**Work required**
Please repeat the data below exactly, with the pictures removed.

**Given material**
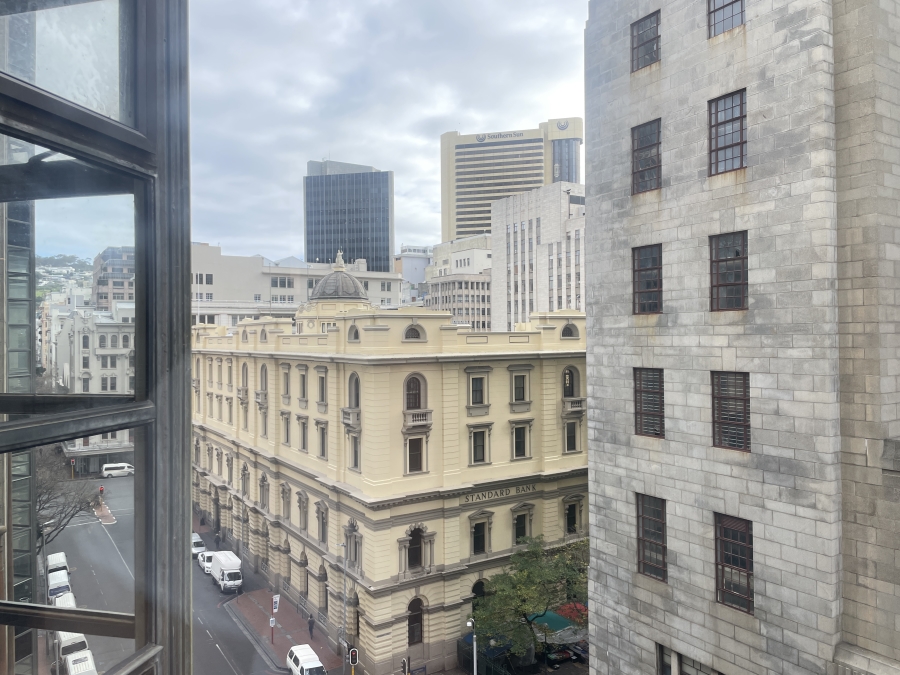 1 Bedroom Property for Sale in Cape Town City Centre Western Cape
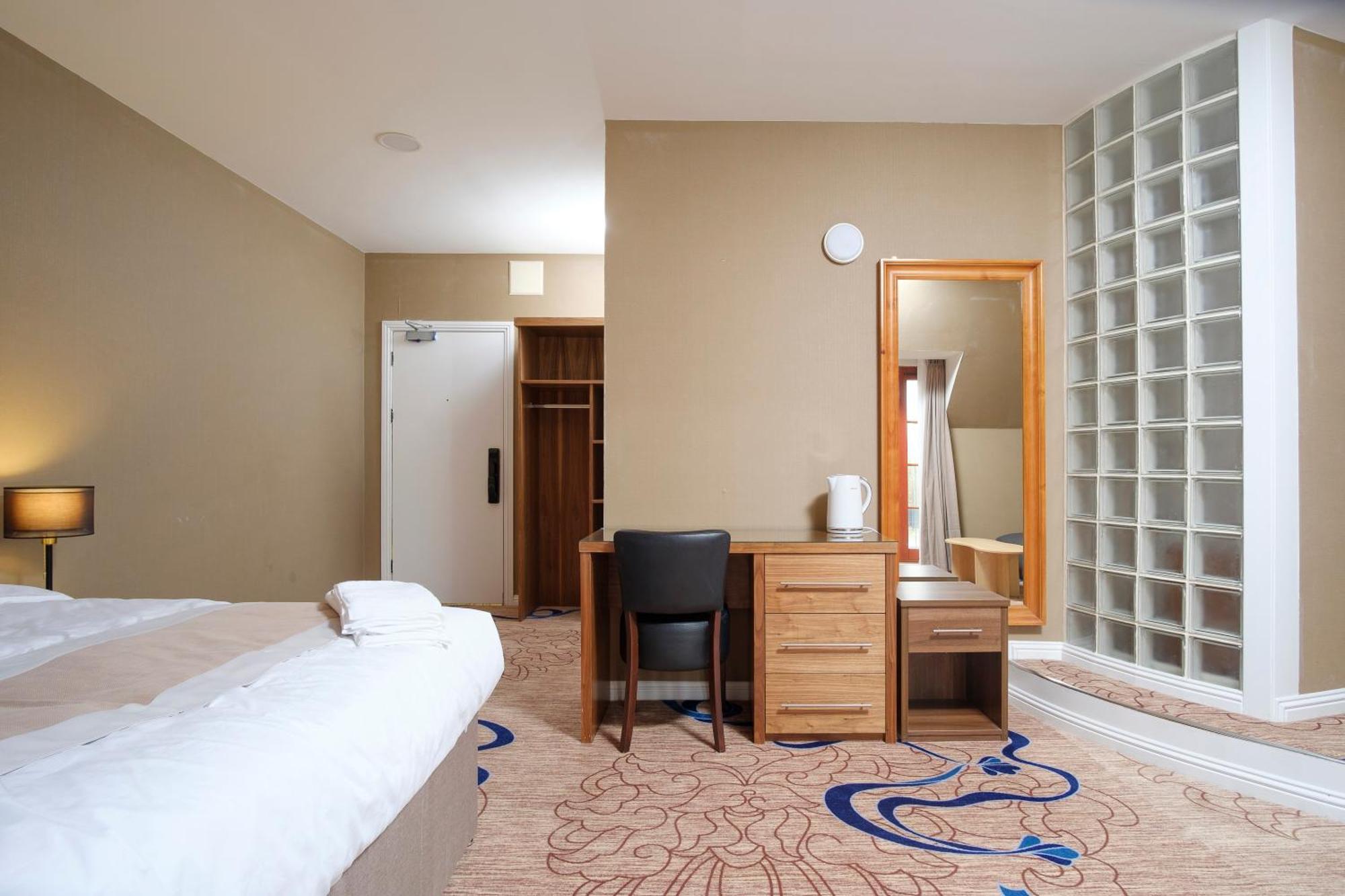 Kelpies Hotel Falkirk Exterior photo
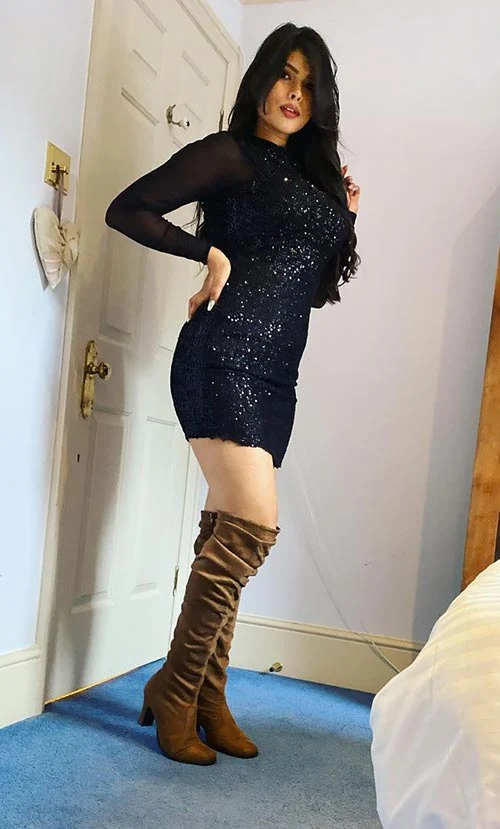 Mahima Gupta short dress hot photos gandii baat actress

**Written solution**
 1 Bedroom Property for Sale in Cape Town City Centre Western Cape
 Kelpies Hotel Falkirk Exterior photo
 Mahima Gupta short dress hot photos gandii baat actress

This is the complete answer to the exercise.